Even if the Plaintiff, even though he/she grow up to Japan and became an economic basis in Japan, it should be determined where the Plaintiff is liable to pay taxes under the former Act, depending on where the Plaintiff’s key interest is at the time of the occurrence of income due to the transfer of shares in this case.

As seen earlier, in light of the Plaintiff’s economic profit from May 25, 1994: (a) the Plaintiff was married to Nonparty 6 in Korea, and was in office as the representative director of the Social Welfare Foundation and the Social Welfare Foundation; (b) Nonparty 5 and Nonparty 4 were in office for profit-making corporations; and (c) Plaintiff’s wife was in office as the representative director of the Social Welfare Corporation; (d) the Plaintiff and Nonparty 4 were actively engaged in social service activities in Korea as of June 2006; (b) the Plaintiff paid KRW 3.9 billion to Nonparty 4 Co., Ltd. (the maximum shareholder and director) around September 2004; (c) the Plaintiff was in office at KRW 60,00,000,000,000,000,000,000,000,000,000 won was more than KRW 1.6,000,000,000,00.

E. Sub-decision

따라서 원고는 한·일 조세조약 제4조 제2항 ㈎목에 따라 한국의 거주자로 보아야 하고, 구 법에서 정한 납세의무자에 해당한다고 할 것이므로, 이와 다른 전제에 선 원고의 위 주장도 이유 없다.

3. Conclusion

Therefore, the plaintiff's claim of this case shall be dismissed as it is without merit, and the judgment of the court of first instance is just in conclusion, and the plaintiff's appeal is dismissed. It is so decided as per Disposition.

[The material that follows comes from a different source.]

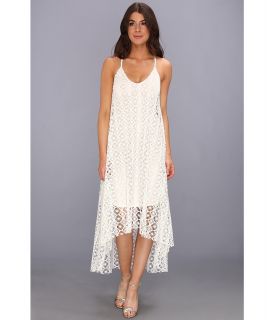 Tbags Los Angeles High Low Crochet Cami Dress w/ Braided Strap Womens Dress (White)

[Attachment Omission of Related Acts]

Judges Cho Dong-dong (Presiding Judge)

1) In addition, comprehensively taking account of the above circumstances, the Plaintiff shall be deemed to have been residing in Korea for not less than one year pursuant to Article 2(3)2 of the Enforcement Decree of the Act, and Article 2(3)2 of the Enforcement Decree of the Act shall be interpreted as the example provision under Article 2(1) of the Enforcement Decree of the Act. Meanwhile, the Plaintiff asserted that Article 2(3)2 of the Enforcement Decree of the Act is contrary to the principle of clarity of taxation requirements. However, in full view of the relevant provisions and legislative intent of the former Act and the former Enforcement Decree of the Act, it is difficult to anticipate that the above provision is subject to taxation from the taxpayer’s position, or that it is difficult to view that the uncertainty of the pertinent phrase is able to allow the tax authority to apply a arbitrary law. Thus,

2) Although the Plaintiff asserts that it is a re-power holding the property of KRW 100 billion in Japan, the evidence submitted by the Plaintiff alone is insufficient to recognize it, and there is no other evidence to acknowledge it.